The third novel is Mountolive. In this third-person novel Durrell tells the story of David Mountolive, a British diplomat born in India. As a young man Mountolive has an affair with Leila Hosnani, mother of Nessim and Narouz. The reader remembers Nessim as Justine's husband. Mountolive reflects on his early career, after which he shares experiences and information that appeared previously in Justine and Balthazar. The third-person perspective is key. It seems more credible and trustworthy than the perspective of the two previous novels, both told in the first-person. At this point, the reader has more knowledge of the shared characters than ever. With a third retelling, the first two novels seem more real but less reliable. Mountolive's revelations have repeated some of their truths but rendered others obsolete. I knew there was another volume to come, but I was beginning to wonder if the whole story was even knowable.
The fourth and final novel is Clea. Again the story is told by Darley, against the backdrops of two familiar settings: a Greek island and then Alexandria. Darley and Balthazar are reunited. Balthazar shares with Darley his revised Justine in the form of his heavily annotated manuscript, referred to as the Interlinear. Darley learns a great deal, and Balthazar shares with him more secrets. Darley's love interests—Justine, Melissa, and Clea—are back. His relations with them further clarify the story—when they're not raising more questions. The story comes full circle, but not to a close. This is a circle that is always circling. I had the feeling that the story could go on and on, until, perhaps, all the characters were dead. And even then...

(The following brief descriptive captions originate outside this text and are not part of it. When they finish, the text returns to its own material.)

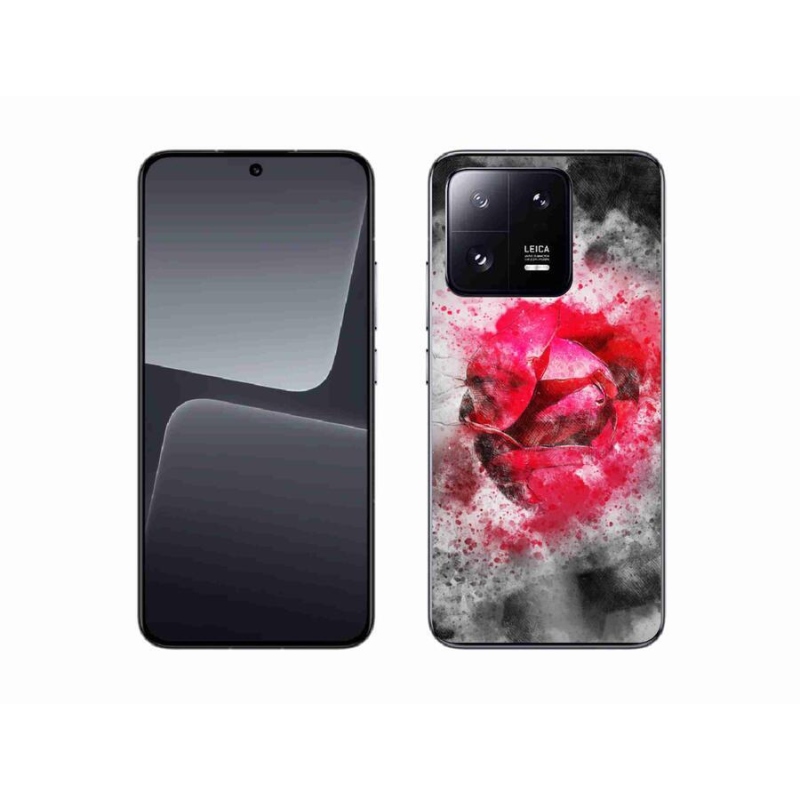 Gelový kryt mmCase na mobil Xiaomi 13 - abstrakt 9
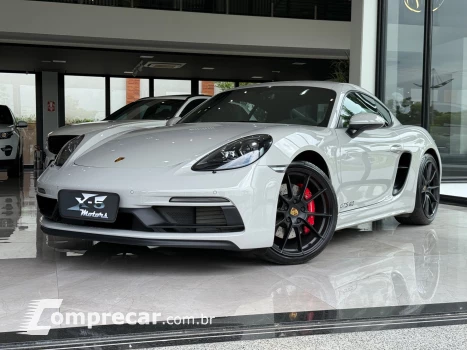 PORSCHE 718 Cayman GTS 4.0 400cv 2 portas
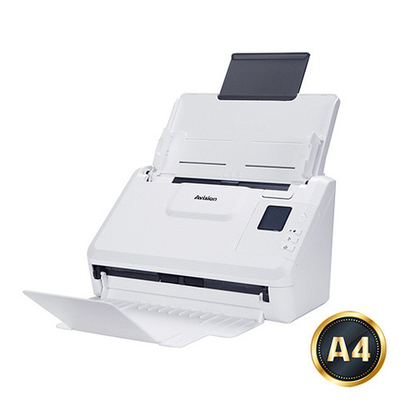 Сканер Avision AD340G, А4, CIS, 40 стр./мин., 600dpi, USB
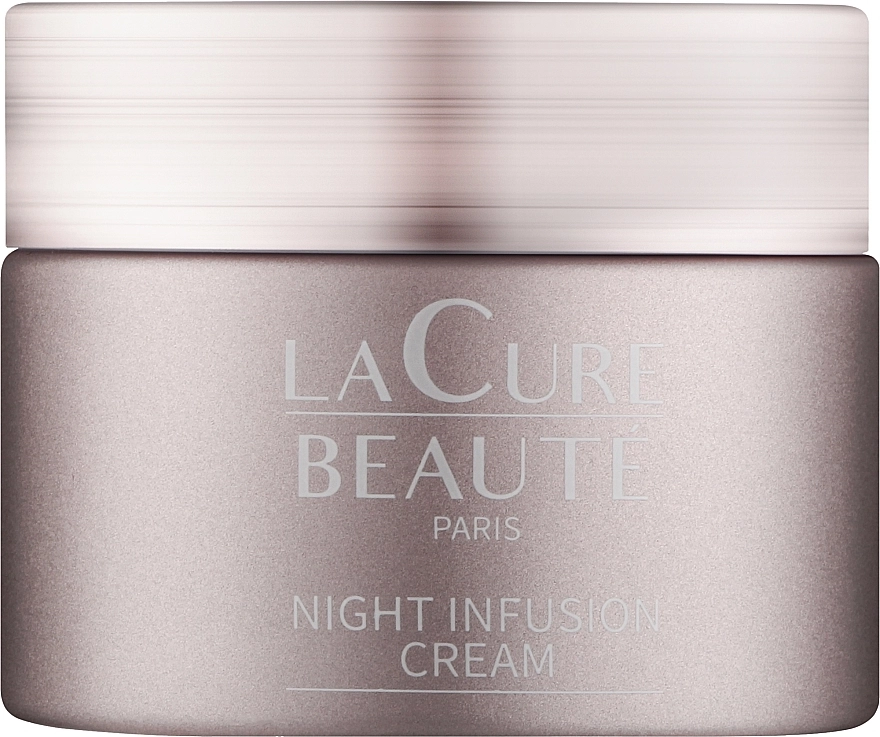 La Cure Beaute Антивіковий нічний крем для обличчя LaCure Beaute Night Infusion Cream - фото N1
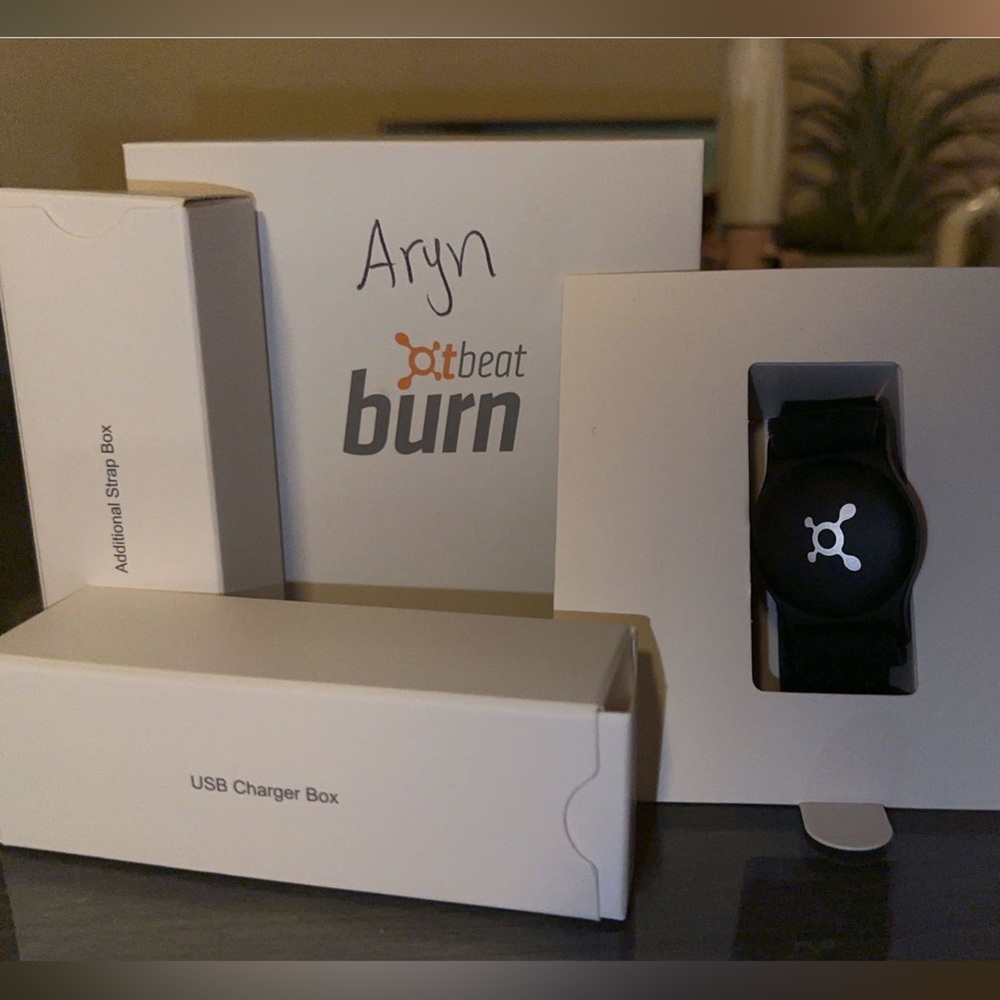 Orange Theory Heartrate Monitor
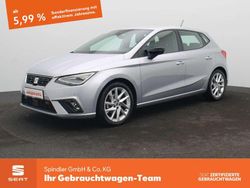 Silber Gebraucht 2021 Seat Ibiza Beats Limousine | 18.680 € (Fairer Preis)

The Alexandria Quartet is one of the greatest literary adventures I have ever traveled. I have left out here a great number of its subplots and intrigues. I have not reread it in nearly forty years and had to check several Internet sources to support the few facts I have included. What I had remembered and what had impressed me as a first-year graduate student are some very central facts about life and literature. Every person is a story. And while our stories are best understood by ourselves, we are in no position to know the full story. As in life, as in literature.
Durrell elaborated and dramatized these ideas. He helped me understand the limitations and relativities of all points of view. From him I first learned that first-person narrators are inherently unreliable, limited by their narrow experience. Their stories are sins of distortion and omission. But they can hardly be blamed. There is, after all, no such thing in literature as objective truth. There is no true omniscience, no All-Knowing God. Even the "omniscient" narrator is a wizard behind a curtain, making choices, pulling levers.
I am very aware of point of view in my own writing. In my novels Forty Years Later, The Deadline, and Grand View, the story is told by a first-person narrator. In Forty Years Later the narrator breaks the constraints of his limited point of view by imagining the writing of a novel within the novel. In Grand View, the story is told by the older narrator looking back on his younger self. This separation of years allows for an extension of the first-person point of view into two, related points of view.
I have Lawrence Durrell and his Alexandria Quartet to thank for my sense of narrative perspective. However I grow as a reader and writer, I shall always remember that my awareness began with the words "A sky of hot nude pearl."